Rick Johnson - Co-Director of Digital Initiatives and Scholarship, University of Notre Dame Johnson directs the design and development of the university’s Hesburgh libraries' data curation and digital library solutions. Johnson is a Visiting Program Officer for the Association of Research Libraries SHARE project to develop partnerships and serve as technical advisor to develop metadata models and technical infrastructure to improve data sharing and metadata alignment across research systems.
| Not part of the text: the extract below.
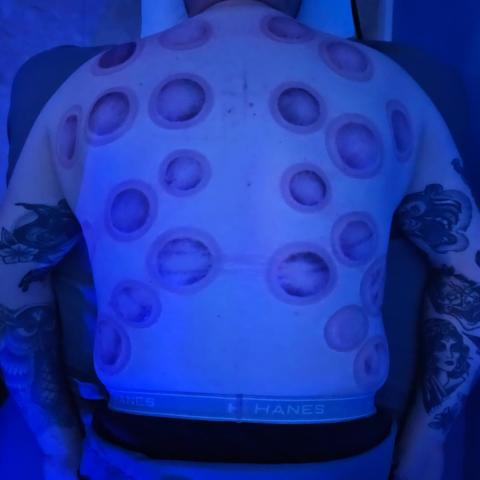 Cupping therapy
Johnson contributes to several other collaborations including DASPOS (Data and Software Preservation for Open Science), the multi-institutional Samvera (Hydra) collaboration, steered development of an ORCID plug-in for Hydra, and is a participating member of the Research Data Alliance.

Judy Ruttenberg - Program Director for Strategic Initiatives, Association of Research Libraries Ruttenberg has held this position since 2011. Her portfolio at ARL focuses on key transformations in research library organization and staffing to support member library priorities in such areas as research data management. She is also the co-director of the SHARE initiative, a partnership between ARL and COS to aggregate research metadata. Ms. Ruttenberg has been a Program Officer at the Triangle Research Libraries Network.